Anne Bonny is one of only two well-known female pirates. Her birthday is not known, but most historians think she was born in Kinsale, County Cork, Ireland, in 1697 or 1698. Her name was Anne McCormac. Much of her early life is unknown and nearly all that is known came from A General History of the Robberies and Murders of the Most Notorious Pyrates, written in 1724 by Captain Charles Johnson. Anne’s father, William McCormac, was a lawyer in Ireland and her mother, Mary Brennan, was a maid in his home. William eventually separated from his wife, took Anne, and settled in Charles Towne, South Carolina. William changed their last name from McCormac to Cormac, started a new career, and eventually bought a plantation. By the age of thirteen, Anne had supposedly developed a fierce and violent temper.

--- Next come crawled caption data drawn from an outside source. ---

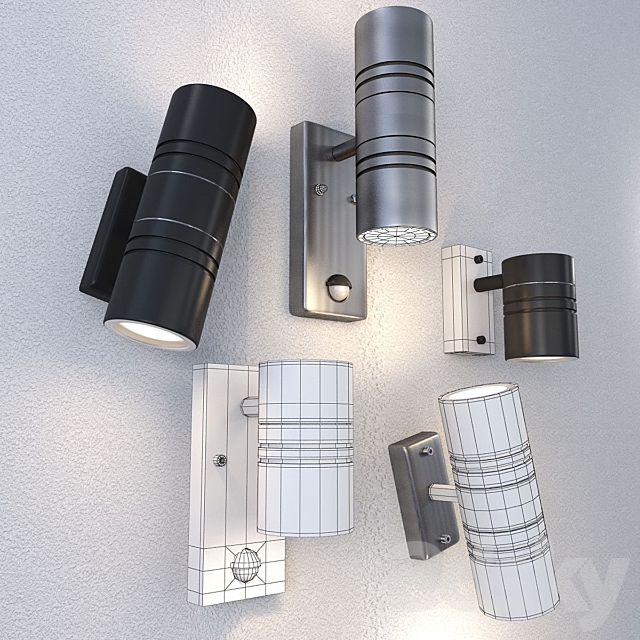 Lamps of the ARNE-LED model from the company LUCIDE. Belgium. 4 versions. 2 coating options. 3d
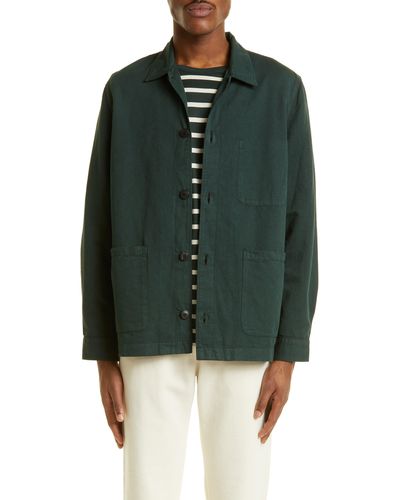 Sunspel Cotton & Linen Button-up Chore Coat - Green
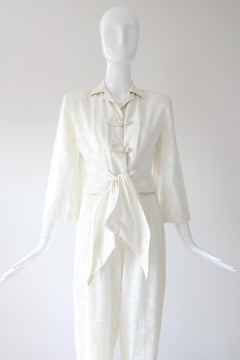 Vintage 1940's Ivory Silk Brocade Loungewear Set 1940s Silk Suit UK 4 US 0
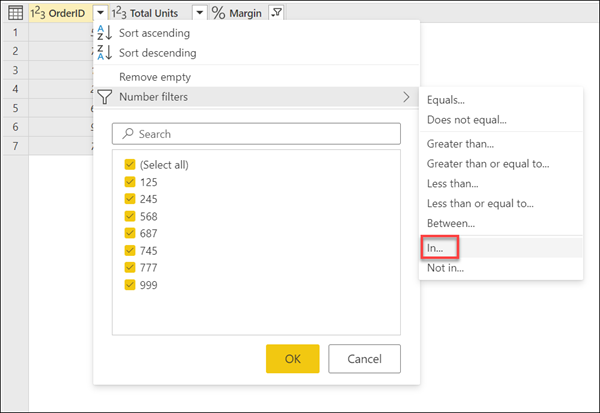 Option Dans du sous-menu Filtres de numéro pour la colonne OrderID.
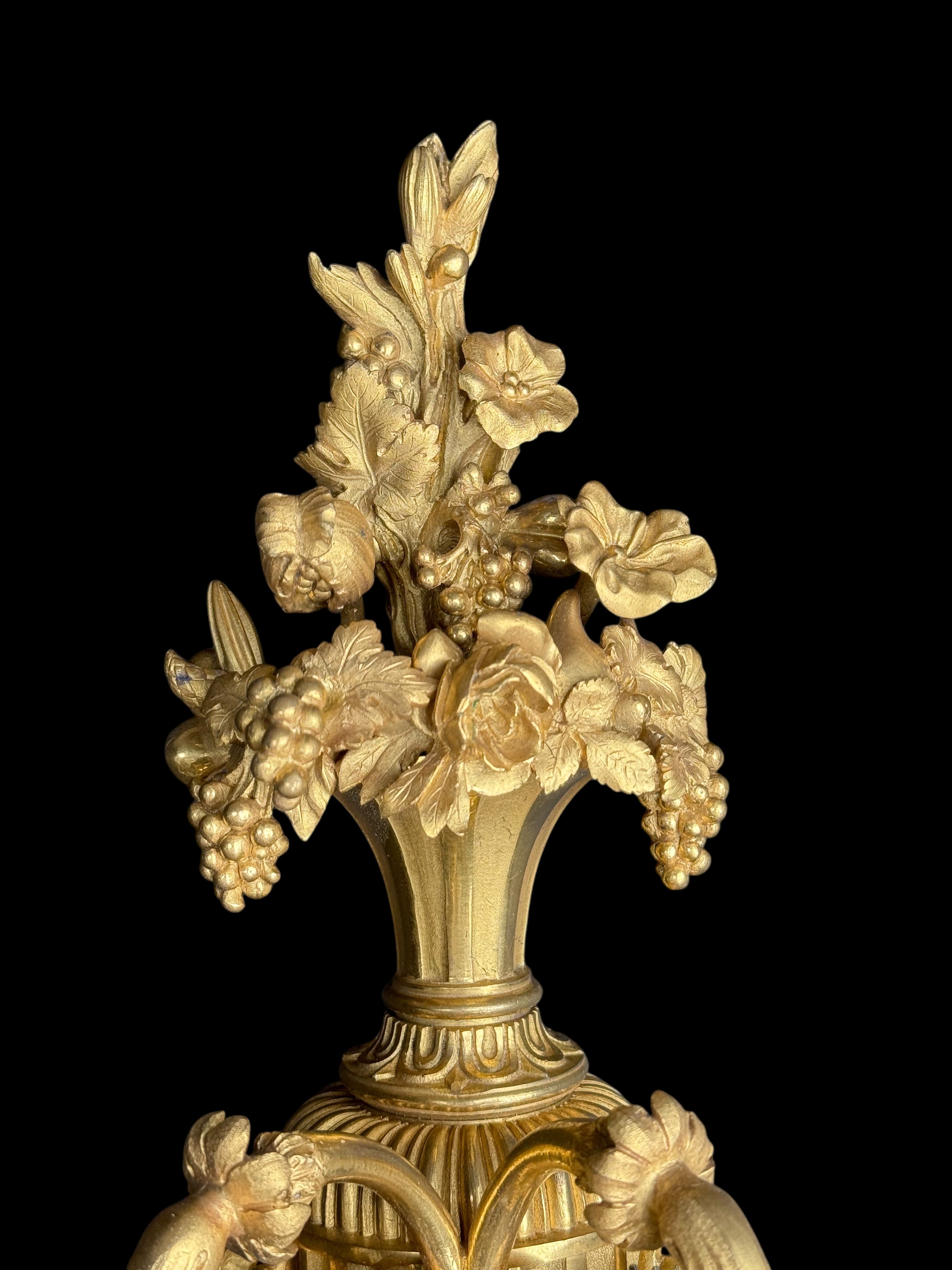 Pair Of Henry Dasson gilt Bronze Sconces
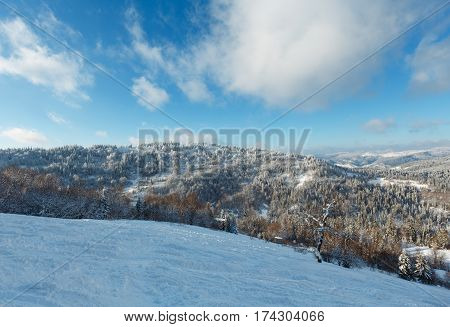 Winter Carpathian Mountains Landscape, Ukraine.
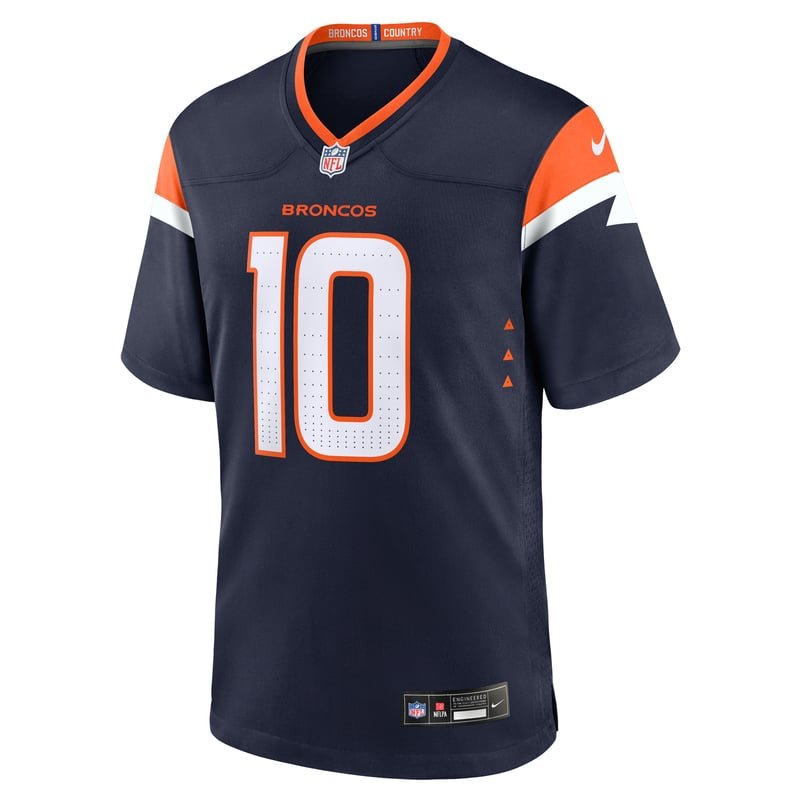 Denver Broncos Midnight Navy alternate jersey, worn against the Rams on Sunday Night Football in Week 3 of 2026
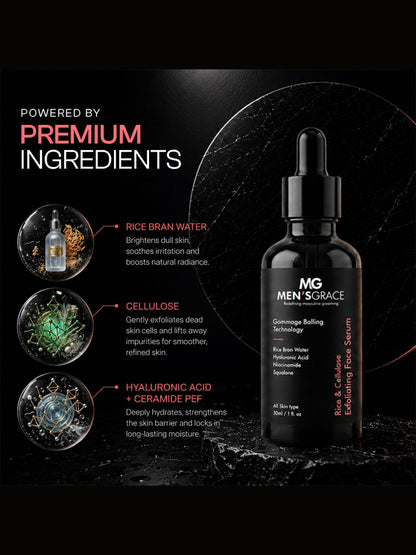 Men's Grace Rice & Cellulose Exfoliating Face Serum (30ml)
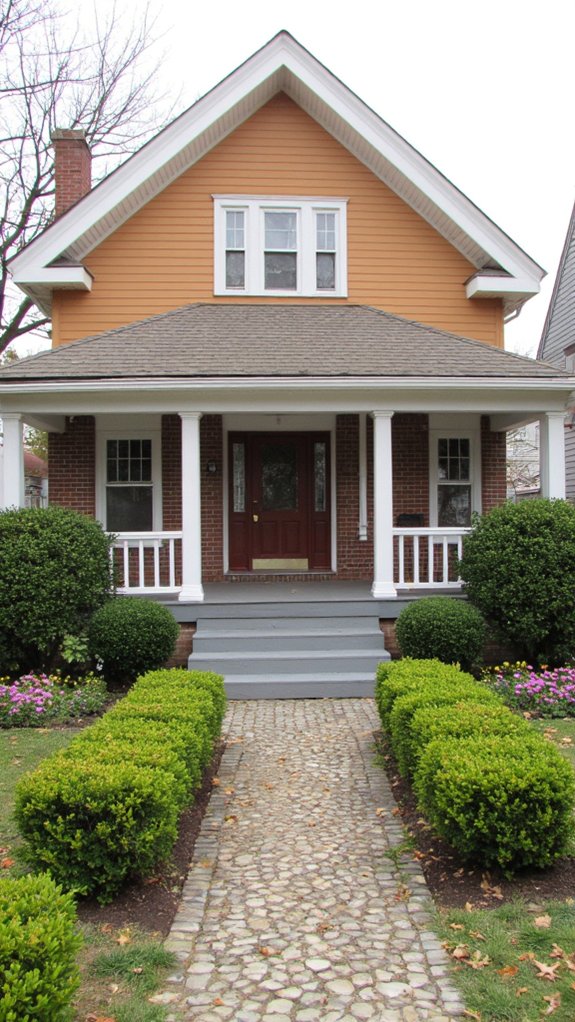 symmetrical landscaping enhances entrance
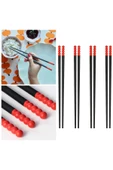 IKEA FÖSSTA 4 Çift Kırmızı Siyah Yıkanabilir Chopstıck Japon Çin Yemek Çubuğu Uzunluk: 24 Cm - 1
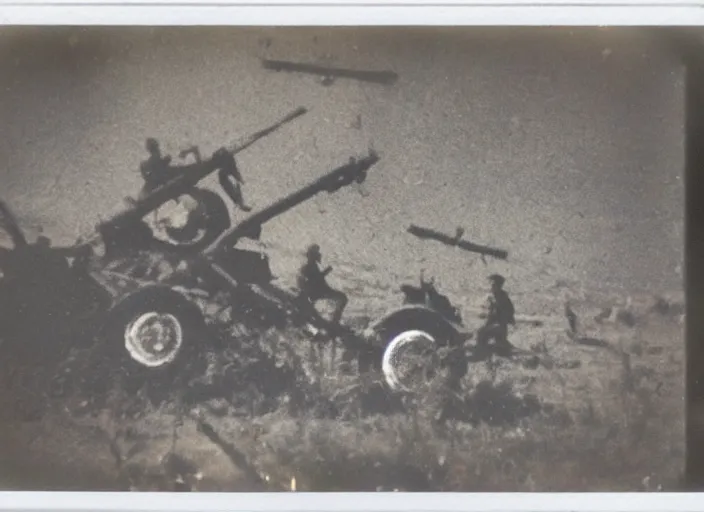 Prompt: found polaroid picture of a world war two 2 with a soviet mech war machine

Anne fell in love at sixteen and married a small-time pirate named James Bonny, which resulted in her father disowning her. The couple settled in Nassau, Bahamas, which was known as a sanctuary for English pirates. When Governor Woodes Rogers arrived in 1718, Anne’s husband became his informant (giving information on pirates which would lead to their arrests). Anne became ashamed of her husband, as she had befriended many pirates in the taverns. In 1720, she met John “Calico Jack” Rackham and left her husband. Together with Calico Jack and a new crew, the unlikely duo met great success pirating small ships in the Caribbean. It was very unusual for women to be pirates, but Anne Bonny had a fierce personality and fought alongside the men, earning their respect. Eventually, another female named Mary Read joined them. They continued pirating merchant ships in the Caribbean, along the Jamaican coast, until their ship was captured on November 15, 1720, by Captain Jonathan Barnet. The women fought hard, but the men were too drunk to put up much of a fight. They were put on trial in Jamaica, and the men were executed. Calico Jack visited her before his execution and it was said that she told him she was sorry to see him there, but if he’d fought like a man he need not have been hanged like a dog.

The women went to trial on November 28 and were found guilty and sentenced to death, but executions were delayed because they were both pregnant. Mary Read died in prison the next year. There is no historical record of Anne’s release, but some evidence suggests that her father paid a ransom to have her released and brought back to Charles Town, where her child was born.